How many forces act on the lander as it is coming down?
Can you write Newton's Second Law?
 
Hello onyxorca,

As a first step you have to figure out which forces act on the rocket. Then you have to use the general equations for x(t) and v(t).
 
F=ma

the forces are gravity and thrust.

btw the mass is 8.73 × 10^3 kg.

the acceleration is 0=16.5^2+2a217 and a = -0.627304 m/s^2 ? where do i go from there?
 
Use Newton's Second Law. Find an expression for the net force (the sum of all the forces) and set it equal to mass times acceleration.
 
Fthrust - Fg = ma?

so F - 8730*1.6 = 8730*-0.627304

F=8491.64 N?
 
F_thrust -F_g = ma is correct! :smile:

Now you need to find out the value of a.

For that use the general equations for x(t) and v(t):

v(t) = a*t + v_0

x(t) = 1/2*a*t^2 + v_0*t + x_0
 
rogerbacon said:
Now you need to find out the value of a.

OP found the acceleration in Posting #4. The answer is OK.
 
well appearantly 8491 isn't right...
 
  • #10
I checked the numbers and I checked the method.

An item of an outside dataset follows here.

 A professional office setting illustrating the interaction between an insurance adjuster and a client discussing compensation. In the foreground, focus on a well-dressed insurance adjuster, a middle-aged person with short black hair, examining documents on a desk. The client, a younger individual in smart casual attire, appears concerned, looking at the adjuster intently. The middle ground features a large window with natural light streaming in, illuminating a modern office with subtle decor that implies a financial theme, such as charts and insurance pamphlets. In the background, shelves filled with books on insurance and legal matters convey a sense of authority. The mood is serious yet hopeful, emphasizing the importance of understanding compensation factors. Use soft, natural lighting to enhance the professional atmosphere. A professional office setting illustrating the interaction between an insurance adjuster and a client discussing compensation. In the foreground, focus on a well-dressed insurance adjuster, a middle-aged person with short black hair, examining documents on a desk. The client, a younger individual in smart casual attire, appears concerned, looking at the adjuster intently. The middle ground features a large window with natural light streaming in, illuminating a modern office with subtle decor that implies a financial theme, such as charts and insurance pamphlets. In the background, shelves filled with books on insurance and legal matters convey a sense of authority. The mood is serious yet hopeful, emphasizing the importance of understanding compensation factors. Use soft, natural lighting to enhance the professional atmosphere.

The answer should be correct. If someone (or a computer program) says that it is not, then you need to take your solution to the person who assigned this problem and ask him/her where the error is.
 
  • #11
V0=V^2+2ax find a

F=mg-ma=m(g-a)

i finally got it right, had trouble realizing that the thrust is smaller than gravitational force and i made mistakes when putting in the scientific digits but i finally got it.
 
  • #12
onyxorca said:
F=mg-ma=m(g-a)

This is the right answer. What number do you get when you plug in?
 
  • #13
well the numbers in the problem changes every time so i wouldn't know if this is right but i got the right answer for that time.

in this case though it's probably F = 8.73E3 (1.6+.627304) = 19444.4 N because it's Fg-Fthrust, not the other way around.
 
  • #14
I get the same number.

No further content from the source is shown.